Second, suPAR might not only be involved in primary FSGS but might also contribute to glomerular barrier dysfunction in other prevalent kidney disorders. Two reports have documented elevated serum suPAR levels that correlate with the severity of kidney injury in patients with diabetic nephropathy.8,9 suPAR has also been implicated in the glomerular involvement induced by various infections including the Hantaan virus.10

Third, suPAR has been shown to trigger separate and distinct pathways of podocyte dysfunction—a migratory phenotype and podocyte apoptosis—depending on the cell microenvironment. Depending on the podocyte level of expression of acid sphingomyelinase-like phosphodiesterase 3b, suPAR either activates pathological integrin αvβ3 or transforming protein RhoA activity.9 These findings suggest that suPAR is active in the glomerulus and potentially contributes to an abnormal phenotype in a wide range of glomerular diseases.

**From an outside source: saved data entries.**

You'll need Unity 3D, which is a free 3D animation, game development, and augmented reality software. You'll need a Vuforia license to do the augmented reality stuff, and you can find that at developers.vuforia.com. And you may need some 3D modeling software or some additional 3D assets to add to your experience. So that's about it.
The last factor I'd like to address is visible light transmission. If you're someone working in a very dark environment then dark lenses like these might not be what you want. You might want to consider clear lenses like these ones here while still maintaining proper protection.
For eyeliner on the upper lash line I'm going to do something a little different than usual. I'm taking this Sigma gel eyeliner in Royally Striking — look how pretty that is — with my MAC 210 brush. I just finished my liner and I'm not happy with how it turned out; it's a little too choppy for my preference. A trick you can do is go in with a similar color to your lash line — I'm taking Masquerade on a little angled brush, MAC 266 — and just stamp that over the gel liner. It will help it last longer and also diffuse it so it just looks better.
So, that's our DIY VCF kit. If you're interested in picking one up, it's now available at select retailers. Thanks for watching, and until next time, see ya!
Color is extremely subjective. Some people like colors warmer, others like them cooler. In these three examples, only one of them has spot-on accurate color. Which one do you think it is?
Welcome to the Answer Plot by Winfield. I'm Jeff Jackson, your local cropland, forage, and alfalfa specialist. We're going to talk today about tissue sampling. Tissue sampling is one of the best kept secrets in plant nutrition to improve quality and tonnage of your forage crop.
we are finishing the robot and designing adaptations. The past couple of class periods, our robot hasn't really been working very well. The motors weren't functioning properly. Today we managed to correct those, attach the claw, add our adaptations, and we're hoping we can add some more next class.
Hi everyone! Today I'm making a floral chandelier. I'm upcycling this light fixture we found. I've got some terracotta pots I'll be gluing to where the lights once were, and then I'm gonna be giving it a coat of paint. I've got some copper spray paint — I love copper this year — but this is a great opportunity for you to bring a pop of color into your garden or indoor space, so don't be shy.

Finally, the report that suPAR levels are positively associated with an increased risk of cardiovascular death in patients with chronic kidney disease suggests that the molecule is involved in the cardiorenal syndrome.11 Based on these data alone, suPAR is an important molecule that requires investigation by nephrologists and scientists.

Thus, suPAR remains in play and possesses all of the requirements to be described as a circulating factor. We look forward to continued activity in this area and anticipate that figuring out where and how suPAR acts is likely to score goals for patients with FSGS and other glomerular diseases.